Directions: Below are several records. Retype exactly those lines running from the one with "Wood Patio Dining" through the one with "Sliding Transfer Bench", end lines included, and no others.

Web page caption snippets:
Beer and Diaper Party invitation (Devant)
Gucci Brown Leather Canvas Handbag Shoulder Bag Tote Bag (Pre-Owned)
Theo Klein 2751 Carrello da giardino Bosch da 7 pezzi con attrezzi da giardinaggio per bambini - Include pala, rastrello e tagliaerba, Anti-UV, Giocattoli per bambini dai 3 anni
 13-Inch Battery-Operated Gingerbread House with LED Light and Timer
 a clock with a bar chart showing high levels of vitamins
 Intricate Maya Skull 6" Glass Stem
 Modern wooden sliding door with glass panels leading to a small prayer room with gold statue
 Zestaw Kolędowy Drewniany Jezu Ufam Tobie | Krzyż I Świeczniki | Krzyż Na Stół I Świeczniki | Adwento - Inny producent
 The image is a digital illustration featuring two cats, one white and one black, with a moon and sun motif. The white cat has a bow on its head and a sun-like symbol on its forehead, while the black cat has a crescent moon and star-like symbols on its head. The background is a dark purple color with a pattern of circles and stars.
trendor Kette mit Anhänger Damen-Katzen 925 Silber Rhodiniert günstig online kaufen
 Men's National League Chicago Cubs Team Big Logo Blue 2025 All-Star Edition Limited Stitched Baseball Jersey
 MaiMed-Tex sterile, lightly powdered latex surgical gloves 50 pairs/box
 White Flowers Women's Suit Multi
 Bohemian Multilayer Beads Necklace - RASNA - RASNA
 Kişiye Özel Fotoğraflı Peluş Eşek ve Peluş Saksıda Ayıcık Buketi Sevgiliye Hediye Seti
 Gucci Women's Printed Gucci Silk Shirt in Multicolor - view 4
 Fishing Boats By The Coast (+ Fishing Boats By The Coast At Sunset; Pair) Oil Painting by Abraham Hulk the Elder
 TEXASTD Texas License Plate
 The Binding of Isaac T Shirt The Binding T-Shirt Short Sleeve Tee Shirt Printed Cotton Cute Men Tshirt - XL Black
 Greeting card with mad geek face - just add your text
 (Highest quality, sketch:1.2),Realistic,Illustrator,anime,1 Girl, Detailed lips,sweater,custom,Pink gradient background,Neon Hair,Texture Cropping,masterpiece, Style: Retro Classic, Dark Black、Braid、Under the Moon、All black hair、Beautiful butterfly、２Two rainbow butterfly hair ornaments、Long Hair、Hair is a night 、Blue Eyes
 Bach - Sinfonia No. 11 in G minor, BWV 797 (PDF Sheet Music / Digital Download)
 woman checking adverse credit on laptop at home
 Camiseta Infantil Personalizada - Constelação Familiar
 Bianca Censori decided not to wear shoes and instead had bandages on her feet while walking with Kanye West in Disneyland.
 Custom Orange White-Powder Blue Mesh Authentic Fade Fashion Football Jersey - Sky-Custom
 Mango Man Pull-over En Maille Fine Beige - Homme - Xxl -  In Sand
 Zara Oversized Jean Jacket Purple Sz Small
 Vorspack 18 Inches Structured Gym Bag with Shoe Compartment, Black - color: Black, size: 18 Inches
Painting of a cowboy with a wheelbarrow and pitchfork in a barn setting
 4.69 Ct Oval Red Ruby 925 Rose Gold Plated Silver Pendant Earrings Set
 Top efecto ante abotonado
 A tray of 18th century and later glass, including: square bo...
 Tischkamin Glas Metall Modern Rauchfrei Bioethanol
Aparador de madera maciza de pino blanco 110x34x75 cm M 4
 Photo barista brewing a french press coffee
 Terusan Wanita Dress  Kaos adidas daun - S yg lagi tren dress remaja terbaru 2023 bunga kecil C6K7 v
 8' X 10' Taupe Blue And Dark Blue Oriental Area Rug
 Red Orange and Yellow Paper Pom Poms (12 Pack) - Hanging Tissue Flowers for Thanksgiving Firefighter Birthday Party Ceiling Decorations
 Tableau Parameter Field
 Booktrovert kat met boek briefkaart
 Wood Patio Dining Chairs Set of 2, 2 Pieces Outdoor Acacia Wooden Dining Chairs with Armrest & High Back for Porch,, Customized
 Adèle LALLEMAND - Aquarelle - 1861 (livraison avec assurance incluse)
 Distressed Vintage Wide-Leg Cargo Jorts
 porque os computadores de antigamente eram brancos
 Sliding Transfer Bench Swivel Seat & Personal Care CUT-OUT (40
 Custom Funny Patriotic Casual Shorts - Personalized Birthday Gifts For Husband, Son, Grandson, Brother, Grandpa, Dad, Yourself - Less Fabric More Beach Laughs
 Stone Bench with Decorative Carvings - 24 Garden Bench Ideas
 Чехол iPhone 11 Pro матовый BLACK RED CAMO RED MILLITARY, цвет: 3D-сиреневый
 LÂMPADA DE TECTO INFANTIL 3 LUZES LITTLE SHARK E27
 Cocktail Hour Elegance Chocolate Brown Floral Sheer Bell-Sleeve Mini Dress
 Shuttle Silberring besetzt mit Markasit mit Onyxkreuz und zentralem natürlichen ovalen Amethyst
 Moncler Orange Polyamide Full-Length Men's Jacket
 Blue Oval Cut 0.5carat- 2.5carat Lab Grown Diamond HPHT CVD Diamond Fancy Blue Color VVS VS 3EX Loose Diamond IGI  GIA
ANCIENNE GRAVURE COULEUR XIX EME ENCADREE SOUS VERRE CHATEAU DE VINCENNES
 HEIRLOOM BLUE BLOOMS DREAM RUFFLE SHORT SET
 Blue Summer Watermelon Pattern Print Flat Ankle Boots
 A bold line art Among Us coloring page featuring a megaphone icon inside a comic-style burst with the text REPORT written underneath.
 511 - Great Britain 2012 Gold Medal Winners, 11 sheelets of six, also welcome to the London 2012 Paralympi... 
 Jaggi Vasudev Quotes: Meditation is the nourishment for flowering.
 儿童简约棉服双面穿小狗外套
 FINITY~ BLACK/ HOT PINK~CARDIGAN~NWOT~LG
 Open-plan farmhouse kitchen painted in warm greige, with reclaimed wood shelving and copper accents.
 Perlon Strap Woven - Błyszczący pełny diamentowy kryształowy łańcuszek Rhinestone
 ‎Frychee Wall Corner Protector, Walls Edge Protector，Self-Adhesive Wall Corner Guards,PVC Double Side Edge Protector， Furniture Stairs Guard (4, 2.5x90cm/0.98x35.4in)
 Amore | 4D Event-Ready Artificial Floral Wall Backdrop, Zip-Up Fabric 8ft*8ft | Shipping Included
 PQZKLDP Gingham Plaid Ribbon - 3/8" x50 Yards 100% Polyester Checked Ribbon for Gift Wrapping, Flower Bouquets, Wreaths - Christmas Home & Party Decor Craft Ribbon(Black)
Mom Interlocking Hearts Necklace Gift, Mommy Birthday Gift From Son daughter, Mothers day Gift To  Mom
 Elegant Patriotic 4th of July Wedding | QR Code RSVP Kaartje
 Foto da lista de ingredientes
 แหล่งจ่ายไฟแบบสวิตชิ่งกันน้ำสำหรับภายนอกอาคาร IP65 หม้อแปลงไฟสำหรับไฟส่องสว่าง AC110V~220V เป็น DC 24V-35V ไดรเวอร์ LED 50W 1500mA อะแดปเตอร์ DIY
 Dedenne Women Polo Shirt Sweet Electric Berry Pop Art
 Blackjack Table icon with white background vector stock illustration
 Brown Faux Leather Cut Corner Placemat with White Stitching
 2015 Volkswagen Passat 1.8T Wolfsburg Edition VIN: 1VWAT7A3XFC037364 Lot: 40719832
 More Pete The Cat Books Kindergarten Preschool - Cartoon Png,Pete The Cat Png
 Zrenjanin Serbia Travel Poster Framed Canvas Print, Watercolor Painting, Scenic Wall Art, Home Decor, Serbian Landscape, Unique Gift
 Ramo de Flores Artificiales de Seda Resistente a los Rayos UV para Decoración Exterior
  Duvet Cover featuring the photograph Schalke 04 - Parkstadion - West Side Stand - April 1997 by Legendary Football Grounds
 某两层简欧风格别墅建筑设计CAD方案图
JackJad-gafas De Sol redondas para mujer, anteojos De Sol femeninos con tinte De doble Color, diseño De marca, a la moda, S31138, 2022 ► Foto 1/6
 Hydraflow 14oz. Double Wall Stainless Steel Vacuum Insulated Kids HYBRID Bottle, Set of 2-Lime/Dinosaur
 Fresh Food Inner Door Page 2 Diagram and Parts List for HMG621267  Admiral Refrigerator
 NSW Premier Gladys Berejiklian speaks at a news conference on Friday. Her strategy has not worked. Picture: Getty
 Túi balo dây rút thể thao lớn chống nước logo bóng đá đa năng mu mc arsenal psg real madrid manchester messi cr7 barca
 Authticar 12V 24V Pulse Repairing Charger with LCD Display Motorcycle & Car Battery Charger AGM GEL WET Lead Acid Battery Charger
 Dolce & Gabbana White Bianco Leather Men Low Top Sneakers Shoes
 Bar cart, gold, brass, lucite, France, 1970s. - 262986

Finished task:
 Wood Patio Dining Chairs Set of 2, 2 Pieces Outdoor Acacia Wooden Dining Chairs with Armrest & High Back for Porch,, Customized
 Adèle LALLEMAND - Aquarelle - 1861 (livraison avec assurance incluse)
 Distressed Vintage Wide-Leg Cargo Jorts
 porque os computadores de antigamente eram brancos
 Sliding Transfer Bench Swivel Seat & Personal Care CUT-OUT (40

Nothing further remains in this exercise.